Go read the full article in the link above (by Wilmott and Derman). It’s a great read. And coming back to the additional point I’ve suggested here, I’m not sure I’ve drafted it concisely enough. Help in editing and making it more concise and precise is welcome.
Interestingly, Nassim Taleb has a new book titled ‘The Bed of Procrustes’. It takes its title from Greek mythology: the story of a man who made his visitors fit his bed to perfection by either stretching them or cutting their limbs. It represents Taleb’s view of modern civilization’s hubristic side effects—modifying humans to satisfy technology, blaming reality for not fitting economic models, inventing diseases to sell drugs, defining intelligence as what can be tested in a classroom, and convincing people that employment is not slavery.
Clearly, this is what ails the quant community.
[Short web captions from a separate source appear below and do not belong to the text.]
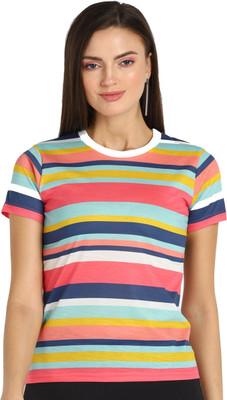 Shashvi Fashion Striped Women Round Neck Multicolor T-Shirt
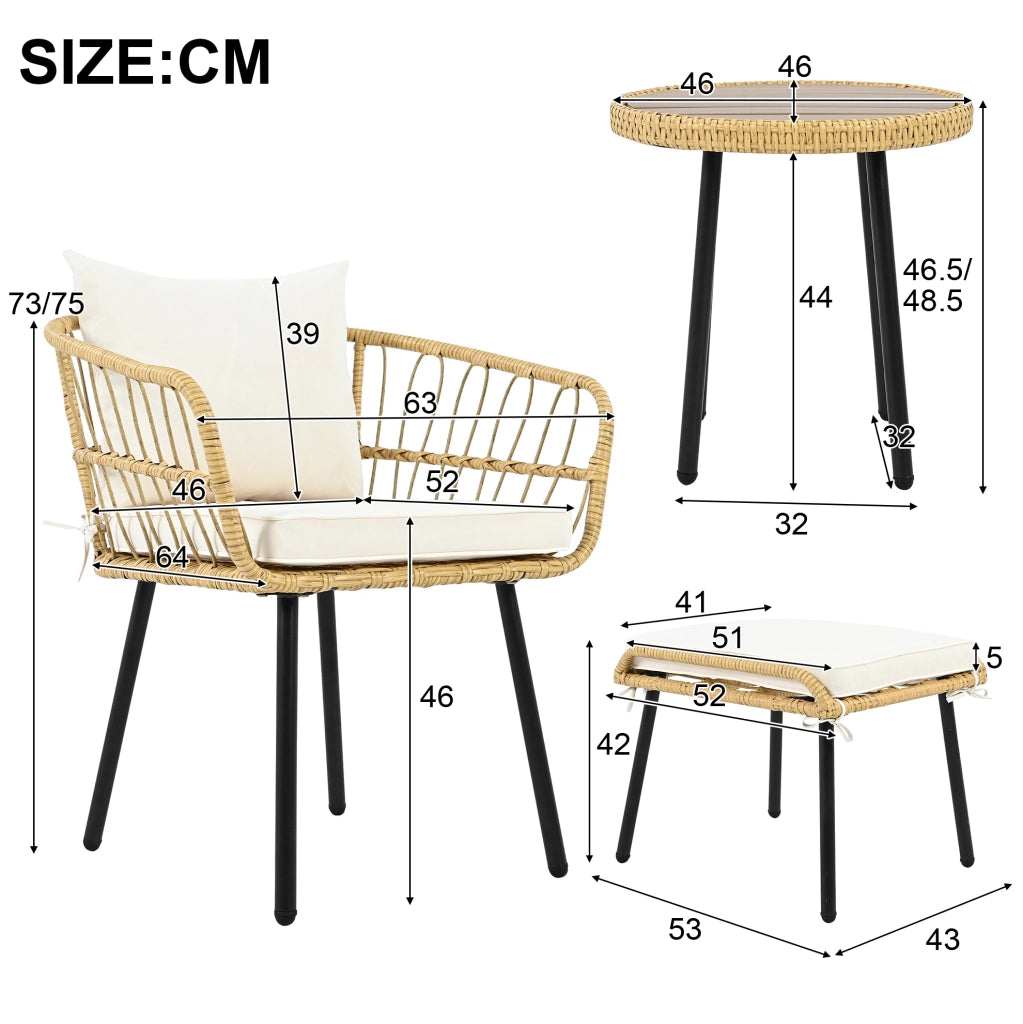 Set lounge da giardino 5 pezzi bianco e naturale in rattan con cuscini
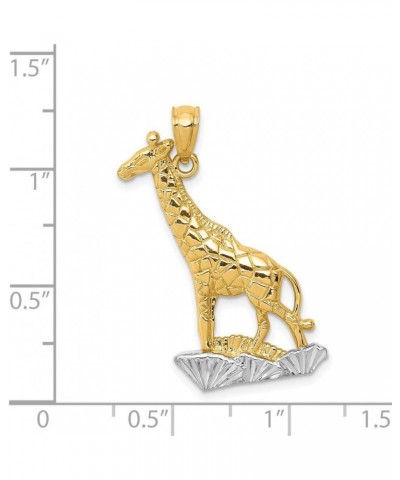 Solid 14k Yellow and White Gold Two Tone Diamond-Cut Polished Giraffe Pendant (15mm x 30.5mm) $60.90 Pendants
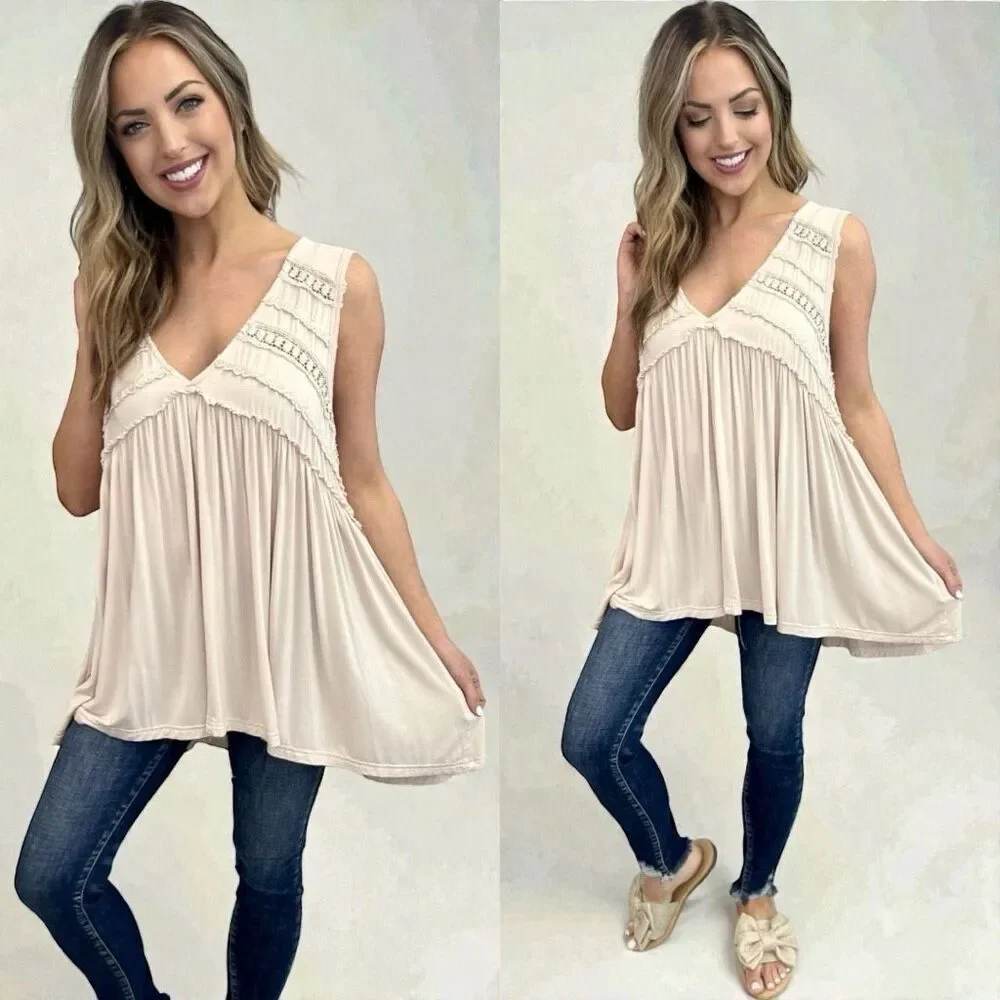 POL Tank Beige Lace Trim Boho Babydoll Sleeveless Top Ruffle Raw Edge Detail NEW - Picture 4 of 13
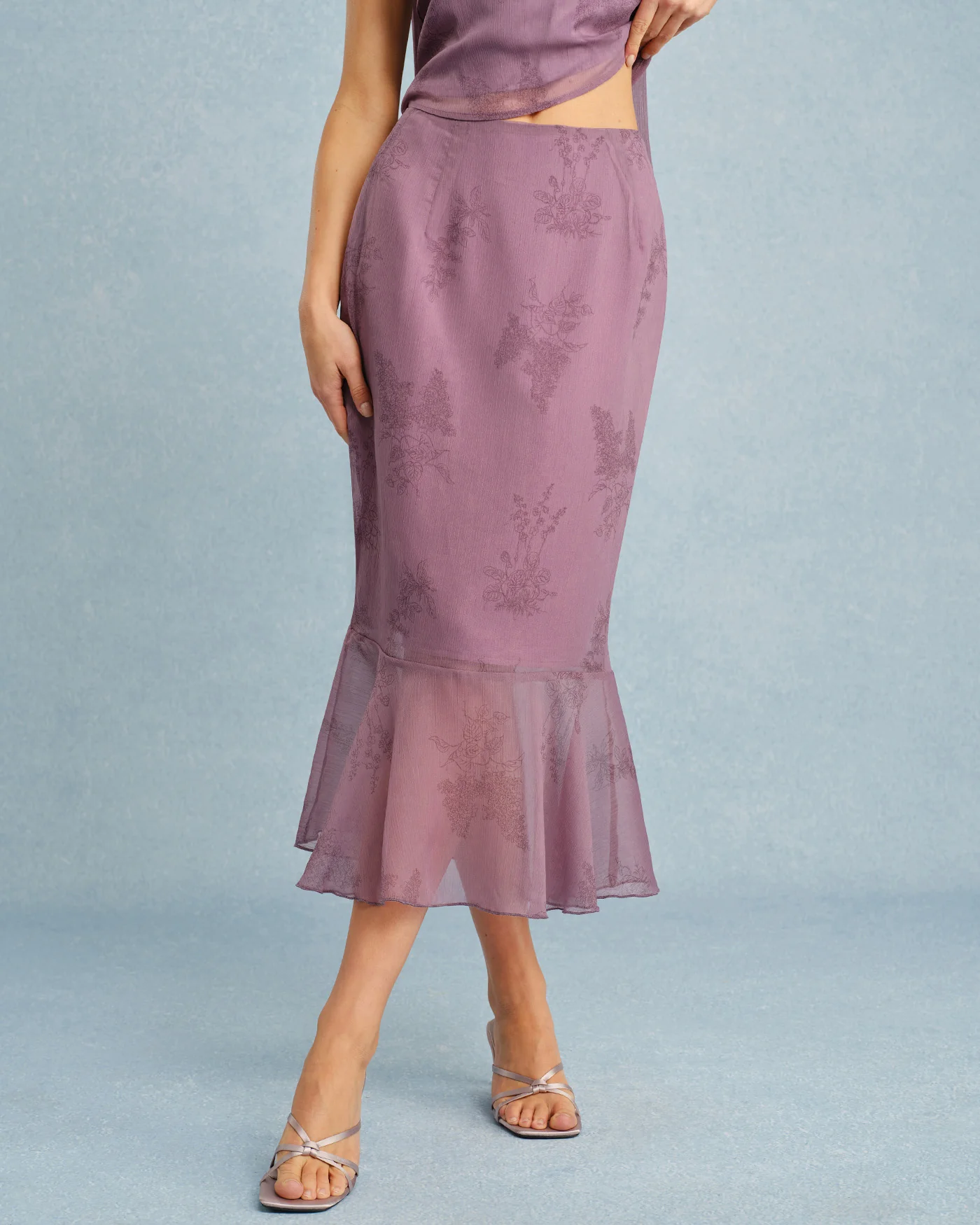 Purple Floral Mermaid Midi Skirt - Image 3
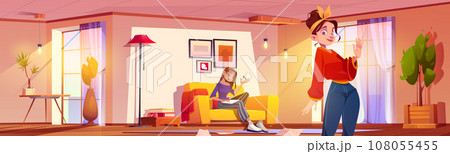 Female roommates in modern apartment 108055455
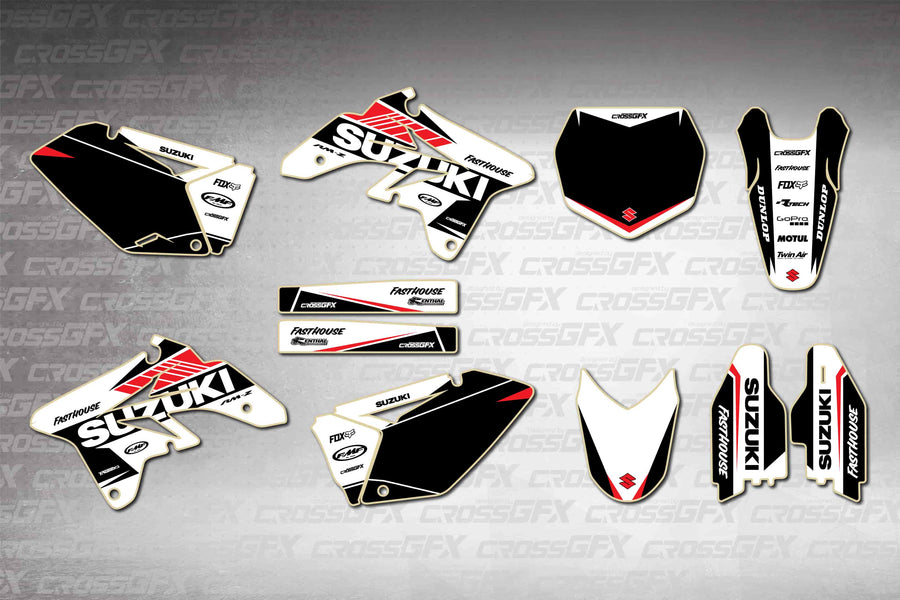 Graphics for Suzuki RMZ 250 2007-2009 - Blitz White - flat layout showing all decal pieces included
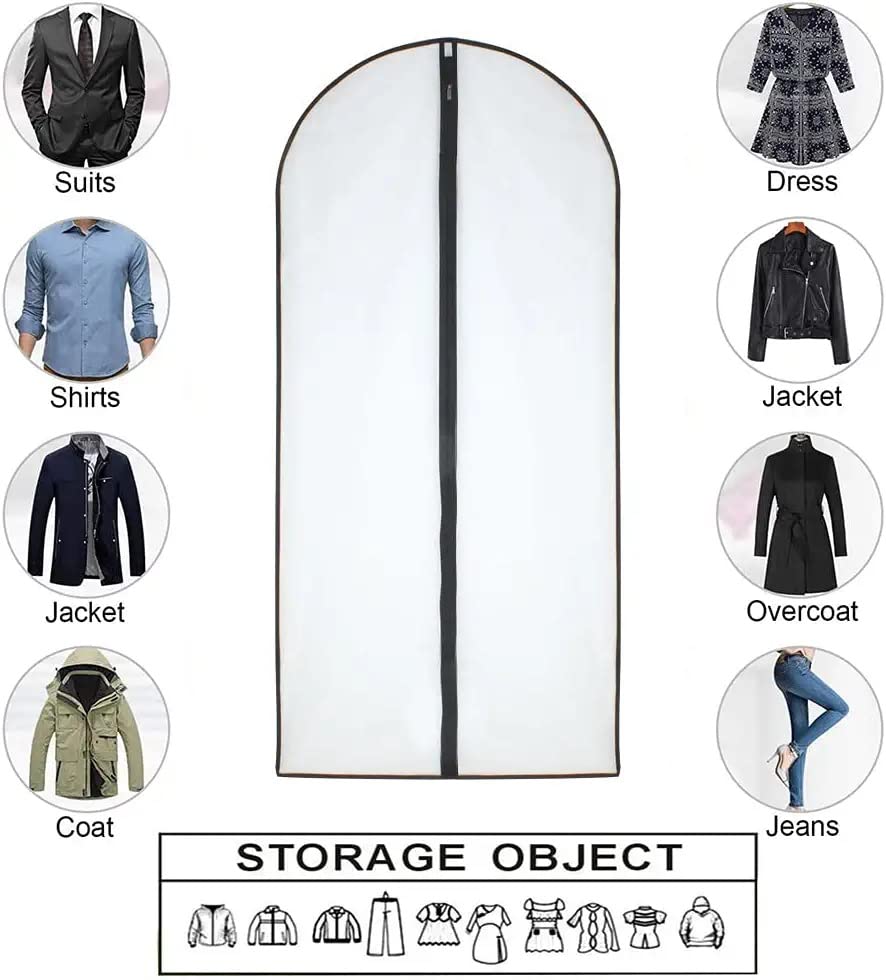 Garment Bags for Hanging Clothes 12 PCS Transparent Waterproof Dustproof Storage for Wardrobe Storage Suit Covers for Closet Clear Reuse Full Zipper for Costumes Suits Coats 24''x48'' (24'' x 48''/12 Pack / Black-Translucent)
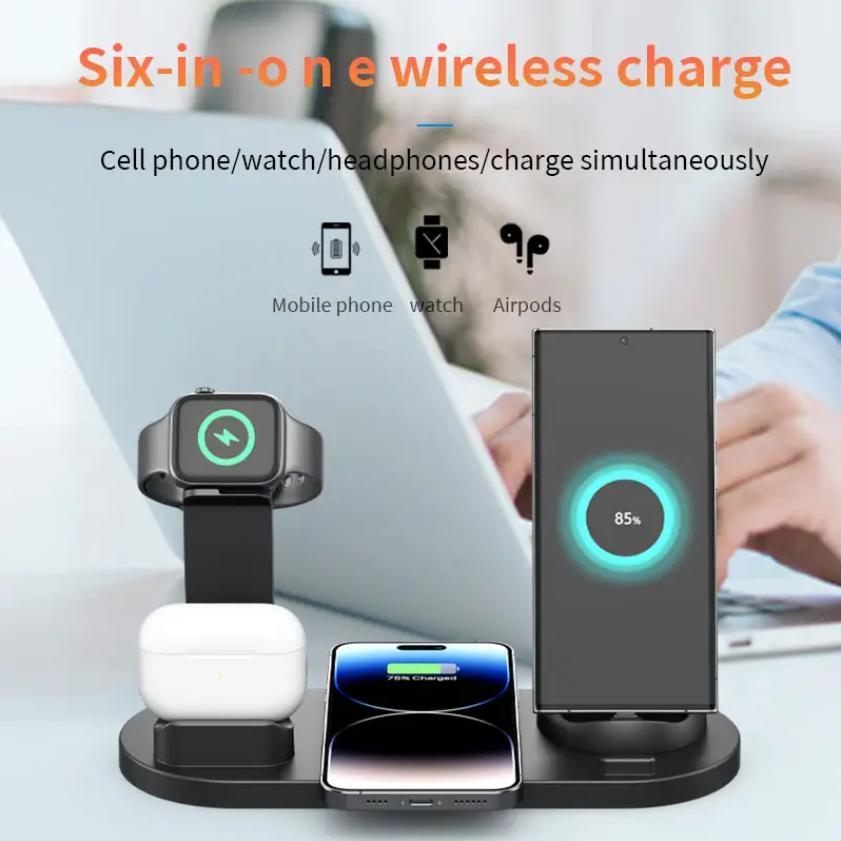 6-in-1 Multi-Function Fast Wireless Charging Station for Phone Watch Earphone with OTP & OVP Protection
Finding exotic models to suit unrealistic scenarios that have no place in reality. In reality, reality cannot effectively modeled by mathematics (However, he paradoxically says his next book will focus on that!).
I think quants are unfairly blamed, (ususally because of math hatred in US society), it must be the jock type managers who should be blamed for misusing the models. Di*K swagging type people who act overly confident because they think they are masters of the universe are the one who needs to be blamed. Anyone who has a decent hold of mathematics will tend to be naturally humble
The last statement is not necessarily true! I personally know a dozen Ivy league math profs here who ‘have a decent hold of mathematics’ but not an iota of humility.
Nassim Taleb says ‘Everything is good in moderation; but we do not know what is moderation’.